Le faisant, le président Bah N’Daou pouvait d’ailleurs se soustraire de la ligne de mire des vrais maîtres du pays à l’heure actuelle en faisant ainsi acte de bonne foi quant à une collaboration avec la junte. Mais hélas, en un moment donné, il était beaucoup plus dans la peau d”un chef d’Etat élu, qui voyageait tut le temps, au lieu de se concentrer sur les problèmes réels qui ont suscité son accession au poste de président de la Transition.
Mais il faut dire que la situation au Tchad a beaucoup dopé le Cnsp qui s’est rendu compte de la fumisterie de l’Union africaine en acceptant que la Transition reste entre les mains des militaires tout en décidant de les accompagner. C’est d’ailleurs avec une honte et une grande gêne que nous avons lu le communiqué du secrétaire général de l’Union africaine, un Tchadien qui défend avec toute son énergie la junte tchadienne devant l’institution africaine, condamner l’acte du colonel Assimi Goïta en demandant le retour aux affaires de Bah N’Daou et Moctar Ouane. L’Union africaine est donc un machin au même titre que la Cédéao car n’ayant pu rien faire comme des chefs d’Etat comme Alassane Outarra et Alpha condé qui ont manipulé leur constitution pour contourner les dispositions qui empêchent leur troisième mandat qu’ils entament. Et au Sénégal, on soupçonne aussi Macky Sall de vouloir faire la même chose.

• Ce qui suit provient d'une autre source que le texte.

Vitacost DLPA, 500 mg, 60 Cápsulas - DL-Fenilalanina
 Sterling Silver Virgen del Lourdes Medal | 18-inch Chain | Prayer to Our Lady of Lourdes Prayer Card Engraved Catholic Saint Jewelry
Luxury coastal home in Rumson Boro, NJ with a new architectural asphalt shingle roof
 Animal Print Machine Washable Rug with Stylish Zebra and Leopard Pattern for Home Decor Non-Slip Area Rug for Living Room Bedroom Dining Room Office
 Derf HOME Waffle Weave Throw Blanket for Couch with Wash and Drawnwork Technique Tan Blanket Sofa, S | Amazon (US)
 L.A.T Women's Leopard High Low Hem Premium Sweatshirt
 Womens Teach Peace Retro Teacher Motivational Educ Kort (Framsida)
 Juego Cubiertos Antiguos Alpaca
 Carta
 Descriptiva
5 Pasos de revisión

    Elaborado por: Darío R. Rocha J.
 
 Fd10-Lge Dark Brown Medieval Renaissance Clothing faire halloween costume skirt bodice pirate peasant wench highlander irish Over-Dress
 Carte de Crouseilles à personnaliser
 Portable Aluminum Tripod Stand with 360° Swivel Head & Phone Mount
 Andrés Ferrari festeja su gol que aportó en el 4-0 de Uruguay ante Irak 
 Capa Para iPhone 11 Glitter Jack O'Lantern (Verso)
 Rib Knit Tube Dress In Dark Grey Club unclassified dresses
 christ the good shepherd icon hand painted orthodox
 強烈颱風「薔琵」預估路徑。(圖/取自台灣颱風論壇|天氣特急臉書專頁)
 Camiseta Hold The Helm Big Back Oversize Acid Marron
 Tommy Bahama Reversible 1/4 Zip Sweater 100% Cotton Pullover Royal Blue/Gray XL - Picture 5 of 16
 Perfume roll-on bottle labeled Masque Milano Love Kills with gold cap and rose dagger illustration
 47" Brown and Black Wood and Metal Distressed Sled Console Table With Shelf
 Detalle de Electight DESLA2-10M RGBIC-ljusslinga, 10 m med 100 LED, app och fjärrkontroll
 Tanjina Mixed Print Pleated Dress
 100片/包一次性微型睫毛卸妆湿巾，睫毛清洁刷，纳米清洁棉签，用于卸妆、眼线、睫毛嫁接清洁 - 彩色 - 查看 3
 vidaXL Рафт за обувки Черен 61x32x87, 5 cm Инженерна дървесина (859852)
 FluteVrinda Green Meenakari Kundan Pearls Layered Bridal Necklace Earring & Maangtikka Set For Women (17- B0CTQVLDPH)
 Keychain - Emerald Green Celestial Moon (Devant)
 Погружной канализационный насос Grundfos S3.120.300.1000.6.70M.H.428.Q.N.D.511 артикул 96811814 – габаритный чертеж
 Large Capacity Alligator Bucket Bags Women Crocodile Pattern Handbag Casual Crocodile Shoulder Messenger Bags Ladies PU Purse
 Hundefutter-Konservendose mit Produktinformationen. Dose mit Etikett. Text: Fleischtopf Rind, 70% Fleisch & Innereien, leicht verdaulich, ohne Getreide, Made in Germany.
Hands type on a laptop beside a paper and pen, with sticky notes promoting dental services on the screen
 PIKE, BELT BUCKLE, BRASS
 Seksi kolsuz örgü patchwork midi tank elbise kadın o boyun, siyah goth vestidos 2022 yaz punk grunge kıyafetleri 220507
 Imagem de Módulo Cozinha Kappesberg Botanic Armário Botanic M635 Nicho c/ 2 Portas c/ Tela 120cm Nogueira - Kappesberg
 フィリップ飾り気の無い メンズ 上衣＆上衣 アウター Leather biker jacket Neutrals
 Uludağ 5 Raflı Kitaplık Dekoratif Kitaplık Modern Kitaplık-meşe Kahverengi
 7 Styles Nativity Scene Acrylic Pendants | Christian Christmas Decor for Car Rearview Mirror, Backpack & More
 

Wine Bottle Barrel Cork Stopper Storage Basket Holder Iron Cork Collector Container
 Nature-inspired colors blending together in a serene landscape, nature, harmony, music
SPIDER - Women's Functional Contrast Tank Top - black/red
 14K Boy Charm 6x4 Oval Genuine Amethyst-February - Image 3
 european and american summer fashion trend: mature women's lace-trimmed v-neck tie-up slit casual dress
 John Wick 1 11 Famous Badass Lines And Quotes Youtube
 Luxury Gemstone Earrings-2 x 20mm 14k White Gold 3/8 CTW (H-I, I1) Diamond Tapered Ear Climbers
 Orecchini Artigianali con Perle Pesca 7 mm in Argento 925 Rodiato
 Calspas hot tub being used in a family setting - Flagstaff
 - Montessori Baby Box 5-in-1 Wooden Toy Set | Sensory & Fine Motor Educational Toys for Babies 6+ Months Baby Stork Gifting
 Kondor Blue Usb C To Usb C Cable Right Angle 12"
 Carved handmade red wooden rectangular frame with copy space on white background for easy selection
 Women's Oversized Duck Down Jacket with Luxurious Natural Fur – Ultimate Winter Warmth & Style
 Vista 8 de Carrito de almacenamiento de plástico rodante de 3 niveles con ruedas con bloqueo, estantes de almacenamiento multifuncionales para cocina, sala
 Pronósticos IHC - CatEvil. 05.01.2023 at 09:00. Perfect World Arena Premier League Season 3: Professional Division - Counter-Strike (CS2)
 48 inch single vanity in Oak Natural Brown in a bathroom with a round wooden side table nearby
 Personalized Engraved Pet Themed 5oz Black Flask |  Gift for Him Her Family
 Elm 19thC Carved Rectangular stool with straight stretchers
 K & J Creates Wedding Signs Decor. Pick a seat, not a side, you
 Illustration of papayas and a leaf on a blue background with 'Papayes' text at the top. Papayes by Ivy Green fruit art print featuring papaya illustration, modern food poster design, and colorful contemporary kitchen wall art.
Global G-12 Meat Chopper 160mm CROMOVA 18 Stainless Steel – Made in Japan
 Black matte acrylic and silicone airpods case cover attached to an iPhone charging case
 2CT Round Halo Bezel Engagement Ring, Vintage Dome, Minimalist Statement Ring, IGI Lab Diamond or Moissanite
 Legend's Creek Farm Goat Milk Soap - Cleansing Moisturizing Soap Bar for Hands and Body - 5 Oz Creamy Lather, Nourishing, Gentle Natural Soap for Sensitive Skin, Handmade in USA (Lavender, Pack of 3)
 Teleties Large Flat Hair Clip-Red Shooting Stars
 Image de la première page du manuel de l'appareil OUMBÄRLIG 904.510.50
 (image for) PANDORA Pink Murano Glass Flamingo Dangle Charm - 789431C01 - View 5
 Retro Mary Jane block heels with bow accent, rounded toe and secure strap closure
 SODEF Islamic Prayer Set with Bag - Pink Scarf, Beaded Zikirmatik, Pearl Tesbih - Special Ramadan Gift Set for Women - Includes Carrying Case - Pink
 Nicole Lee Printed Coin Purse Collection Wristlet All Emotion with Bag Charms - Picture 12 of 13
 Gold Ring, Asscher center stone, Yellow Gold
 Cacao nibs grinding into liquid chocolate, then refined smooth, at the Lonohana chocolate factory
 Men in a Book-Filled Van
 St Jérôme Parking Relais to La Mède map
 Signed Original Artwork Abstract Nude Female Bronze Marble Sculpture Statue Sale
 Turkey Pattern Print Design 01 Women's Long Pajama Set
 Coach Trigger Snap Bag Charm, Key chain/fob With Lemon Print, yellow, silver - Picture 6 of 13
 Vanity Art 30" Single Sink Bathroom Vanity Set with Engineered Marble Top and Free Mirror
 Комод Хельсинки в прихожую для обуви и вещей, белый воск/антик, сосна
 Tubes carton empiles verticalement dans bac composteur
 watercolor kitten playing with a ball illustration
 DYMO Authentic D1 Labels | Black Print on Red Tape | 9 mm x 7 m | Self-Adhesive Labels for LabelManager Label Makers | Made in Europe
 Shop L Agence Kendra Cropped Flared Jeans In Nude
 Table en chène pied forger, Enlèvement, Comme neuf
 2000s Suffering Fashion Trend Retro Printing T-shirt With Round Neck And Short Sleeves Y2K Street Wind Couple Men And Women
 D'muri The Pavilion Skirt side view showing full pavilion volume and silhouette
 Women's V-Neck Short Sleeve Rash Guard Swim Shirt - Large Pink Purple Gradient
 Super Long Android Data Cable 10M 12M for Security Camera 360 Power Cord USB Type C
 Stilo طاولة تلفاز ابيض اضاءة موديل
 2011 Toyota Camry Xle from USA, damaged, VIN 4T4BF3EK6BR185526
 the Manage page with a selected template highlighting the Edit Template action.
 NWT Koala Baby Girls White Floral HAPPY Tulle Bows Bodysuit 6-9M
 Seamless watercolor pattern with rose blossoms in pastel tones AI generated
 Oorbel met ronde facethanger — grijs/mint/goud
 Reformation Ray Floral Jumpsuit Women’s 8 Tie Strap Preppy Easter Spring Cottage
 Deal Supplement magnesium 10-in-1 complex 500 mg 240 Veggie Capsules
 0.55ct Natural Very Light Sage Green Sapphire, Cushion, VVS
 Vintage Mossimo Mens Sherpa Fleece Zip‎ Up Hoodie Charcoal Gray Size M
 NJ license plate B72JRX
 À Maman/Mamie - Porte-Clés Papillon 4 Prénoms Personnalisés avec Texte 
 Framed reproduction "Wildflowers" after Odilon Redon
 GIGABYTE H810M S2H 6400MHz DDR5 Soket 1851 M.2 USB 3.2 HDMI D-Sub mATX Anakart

Il faut se réjouir que l’ONU n’ait pas suivi la France dans ses propositions de sanctions des membres de la junte, ayant compris que la France, après le soutien enthousiaste de Macron à la junte tchadienne, est disqualifiée pour proposer des sanctions contre la junte malienne.
En un mot comme en mille, il faut coller la paix au colonel Assimi Goïta et ses compagnons du Cnsp pour les laisser assumer ce qu’ils ont commencé car eux seuls sont actuellement responsables devant le peuple malien. Vouloir les supplanter et laver leurs mains dans la gestion de la transition ne ferait que différer la résolution du problème et non apporter une bonne solution.
Amadou Bamba NIANG
Merci monsieur Bamba. Analyse très intelligente et très pertinente. Dans la vie, il faut être logique. Vous ne pouvez pas accepter de travailler dans un régime installé par les militaires qui y sont encore présents au plus haut sommet et en même temps travailler sans eux ou contre eux. Monsieur Bah Ndaw a oublié qu’il n’était pas un président élu et qu’il n’était là que par la volonté de ceux qu’il a fini par mépriser par arrogance. S’il ne voulait pas collaborer avec des militaires, pourquoi est-ce qu’il a accepté ce poste alors que les règles et les rôles étaient très clairement définis dans la Charte de la Transition? Les militaires ont eu parfaitement raison d’agir car on ne sait pas où Monsieur Bah Ndaw se serait arrêté. En politique, c’est parfois une question de vie ou de mort. Il a voulu s’appuyer sur la France pour marginaliser les militaires car certains comme lui considèrent que nos pays ne sont que des sous-préfectures de la France et que Macron est le vrai maitre du Mali. Monsieur Bah Ndaw a joué. Il a perdu.